No i doczłapaliśmy się Kochani. Za osiem dni (18.06.2020) energie zaczną pracować w kierunku przeskoku energetycznego na kolejny poziom ewolucyjny planety i ludzkości, który odbędziecie w dniach 20-23.06 w czasie letniego przesilenia (20.06 o 23:44) na półkuli północnej  (poczytasz o tym tutaj.) W tym czasie na półkuli południowej następuje przesilenie zimowe (21.12 o 11:02) / dane za Wikipedia.

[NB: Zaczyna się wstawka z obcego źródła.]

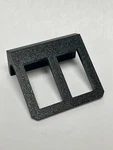 Rocker Switch Under Dash Bracket Mount 2 Gang For Off-road Lights. Fixed Price $14.99.
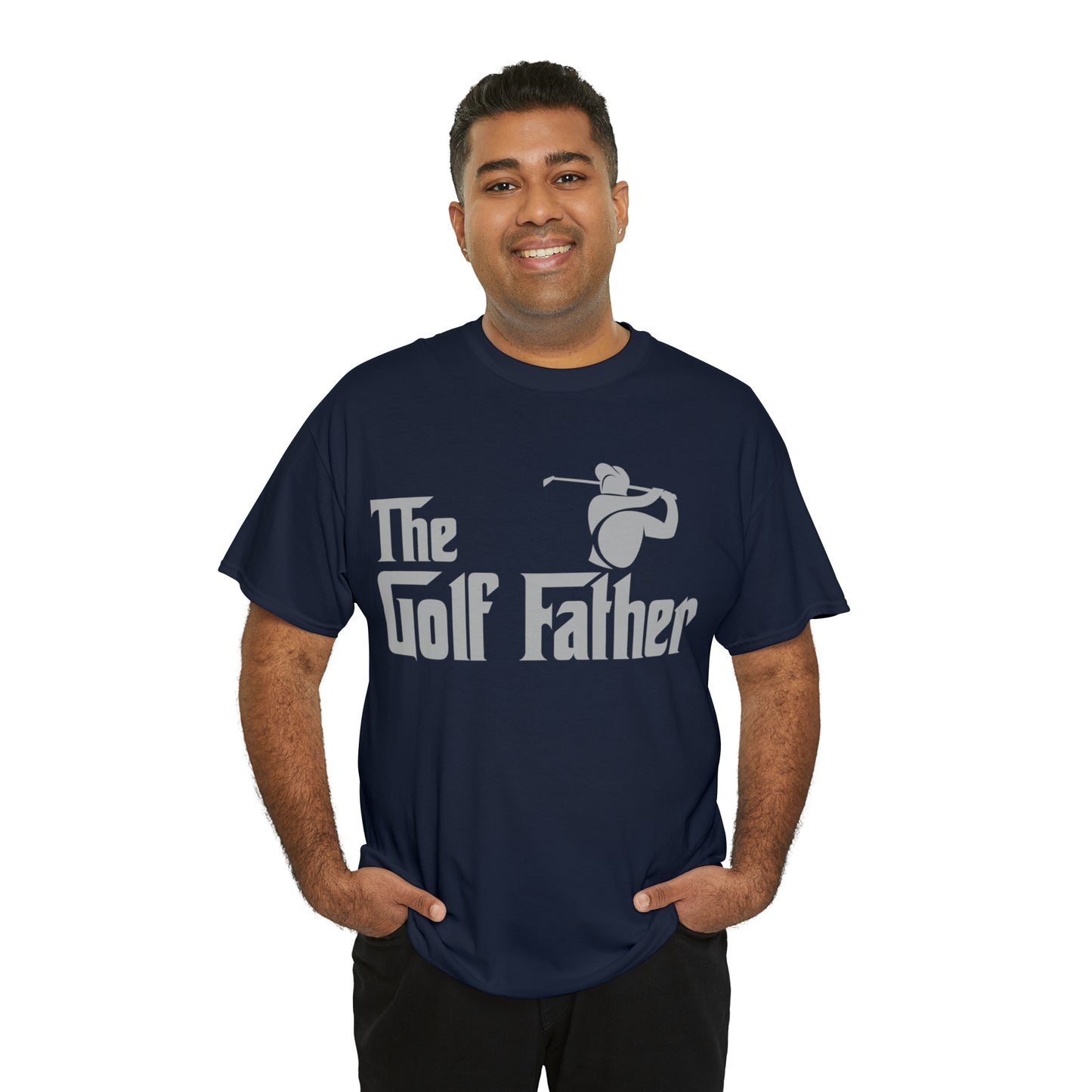 The Golf Father Cotton Tee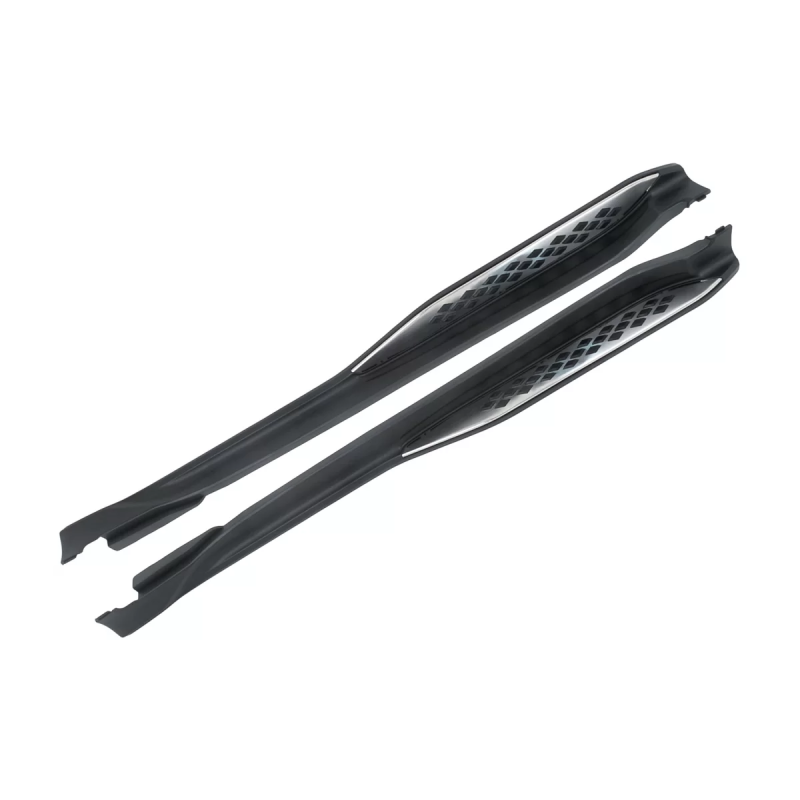 Pedane laterali compatibile con HONDA HR-V II Generation (2014-in poi) OEM design (Cod. K-RBHOHRV)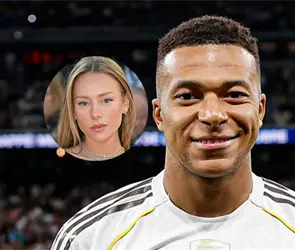 VIDEO: captan a Mbapp&eacute; y Ester Exp&oacute;sito juntos saliendo de un hotel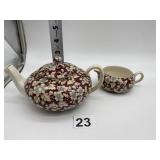 ROYAL BRODADE LORD NELSON WARE ENGLAND TEA POT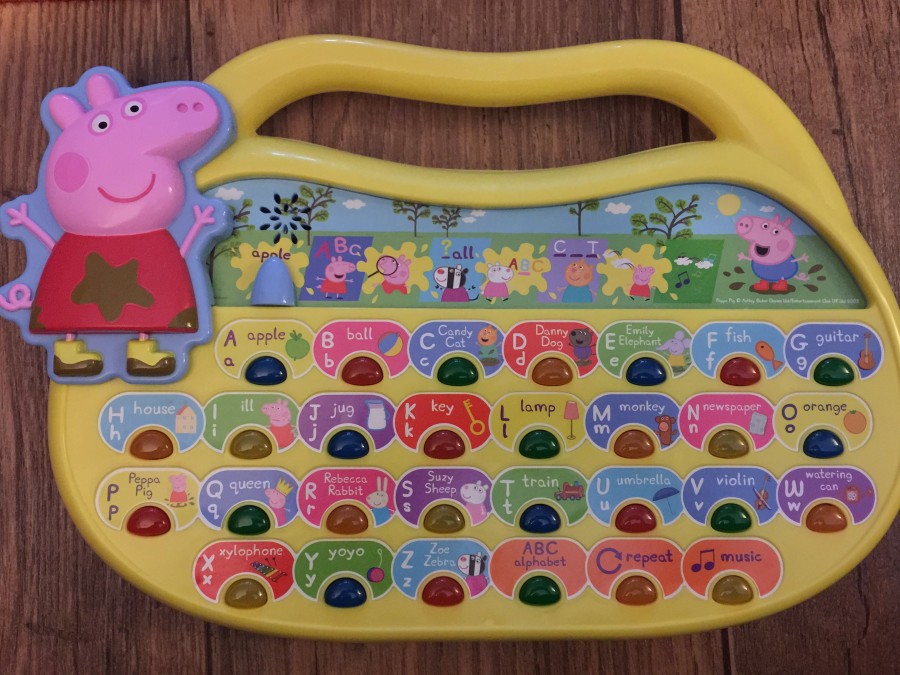 Peppa Pig Fun Phonics thegingerbreadhouse.co.uk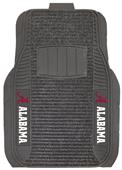 Fan Mats Univ. of Alabama Deluxe Car Mats (set) Fan Mats Univ. of Alabama Deluxe Car Mats (set)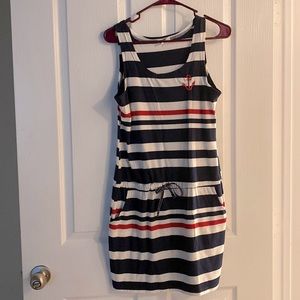 Short nice relaxing summer dress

Procesy pilnie obserwują Wszechświaty i wiele istot/ pozaziemskich cywilizacji, bo to zdarzenie na skalę kosmiczną. Może Dusza zechce opowiedzieć kiedyś dlaczego ono jest tak istotne, a wiem, że jest istotne z bardzo wielu powodów (niektóre z nich znam) między innymi także z powodu człowieka.

Rozmowa

Dusza zapowiada: - wracam dziś na Ziemię. - Wracasz? - No chyba, że nie przegapię takiego wydarzenia (śmiech). - Widzę, że jesteś w doskonałym nastroju. - Oczywiście. Na to zdarzenie wszyscy czekają. To, o czym mówi się od dawna właśnie się materializuje i my tu jesteśmy. Mamy swój czynny udział w ewolucji. - I zapowiada: zamierzam zejść do ciała. Chcę żebyś poczuła przejście w pełnej krasie. Zasługujesz na to jak nikt inny w tym świecie.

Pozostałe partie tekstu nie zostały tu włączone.